In the access strip of the Nemesis landing station in orbit for the Greys, they finally can convene an important meeting to discuss the next steps. The first duty – Gereon must receive permission from an important figure at their central capital, Grandmaster Frost.


The Yhemlen have something for sure. A single spacecraft of massive proportions that remains idle beneath deep ocean waters. If only they unleashed the monstrosity, the hundreds of Concord strikers that plan to attack while they're distracted may not survive. It's the only way to contend with the behemoth. Though the Yhemlen have something else to consider, like upholding prophecy. If they can get the humans back to their timeline safely, the raid won't put an end to their battle, only extend it. A plan of invasion must be bolstered with other options. That massive starship submerged in water belongs to humans for the taking, so long as they find their way back home through the cosmic web.

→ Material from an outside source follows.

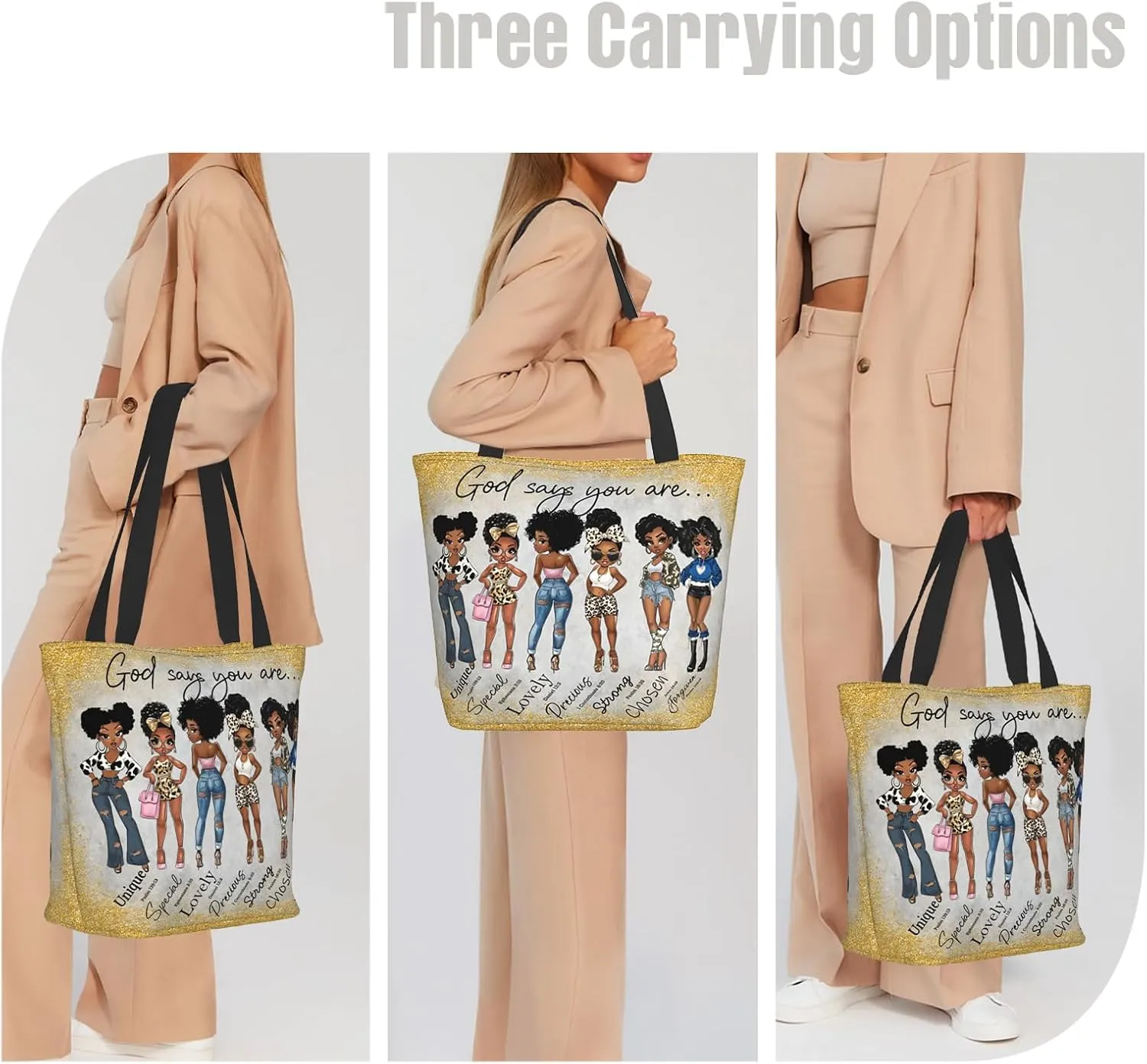 African American Women Tote Bag，Black Shoulder Handbag，Black Art Tote，Afro Black Women Magic Handbags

The initial goal for Gereon is to avoid being driven away quickly by the Yhemlen's first defenses of sonic vibrations that will jam their communications. Something else that will be hard to circumvent is the Yhemlen's biosphere dome fortification. Its electromagnetic barrier makes it difficult to reach the Yhemlen inside. In a rush to get back up forces, Heinemann and his Nemesis crew want to lay waste until there's only barren sand in the alternate timeline before they need to call for help. If Gereon can successfully acquire the services of a prized bounty hunter, the Nemesis will be able to track another rupture in time where human volunteers accidentally traveled back to the Yhemlen timeline.


Finding the coordinates for tracking these researchers will be up to the Yhemlen's satellite signal in the cosmic web. Much like when the Martian colonists were discovered in an alternate timeline, the bounty hunter will help find and destroy the three volunteers before they can save humanity, with a tracking device. The software programs are intertwining at a rapid rate to cause massive interference.


The Grey Order insists on continuing their raids from across parallel universes. This next ambush is expected to be the final blow. Especially with the Earth situated in the ideal habitable location, it makes it difficult to find places to successfully settle if Earth had to be abandoned. Venus' thick atmosphere has a plush cushion in the upper atmosphere for leftover cities of the Yhemlen to proliferate for the time being.


There is an exoplanet of interest for the Yhemlen, about 40 light-years away in the constellation Capricornus. The solar system Delta Capricorni contains a habitable planet with a prolonged orbit that's hidden behind a white giant, something hard to see. Whatever planet is there is in its early stages of development. And its large orbit making it difficult to track also makes it a target as a second home for the Yhemlen who want to survive. Recently, Yhemlen have been visiting Delta Capricorni, or Deneb Algedi, more often to scout its livability.


The rocky core is small given its gaseous atmosphere, which shines in frigid space, though their Class-A starship has been able to touch down on the surface more than once. It's a planet of ice where polar caps melt when nearer to the Sun. There are less fortunate planets that have been ricocheted off orbit by captured stars of the white giant, and a few locked in orbit too. Lately, it is beginning to seem more like a binary star system. For the Yhemlen, Deneb Algedi is a reminder that this Sector 10's quantum field is a force of strength which will allow them to flee danger, as well as fight it.


The vendetta the Heinemann holds against the Yhemlen is growing more personal for Captain Gereon, he is exhibiting signs of human emotion. It is difficult for The Concord to track planets in Delta Capricorni. Its location will require lots of energy to maintain habitable living conditions. In the meantime, the Grey Order must displace their emotions, and rely solely on reason in a quest for supremacy. The mission to debilitate Yhemlen Earth and remove their presence begins now. Jasper and Madame Ria notice the peculiarity of their father's emotional outbursts and are working fast to correct them. They cannot afford mindless wars based on a deviation from logic. The Grey Order's complex bio-network across the cosmic web will be strangled by their constant bickering of war and superiority that lowers themselves to constant rage. Anger and hatred underly their troublesome past.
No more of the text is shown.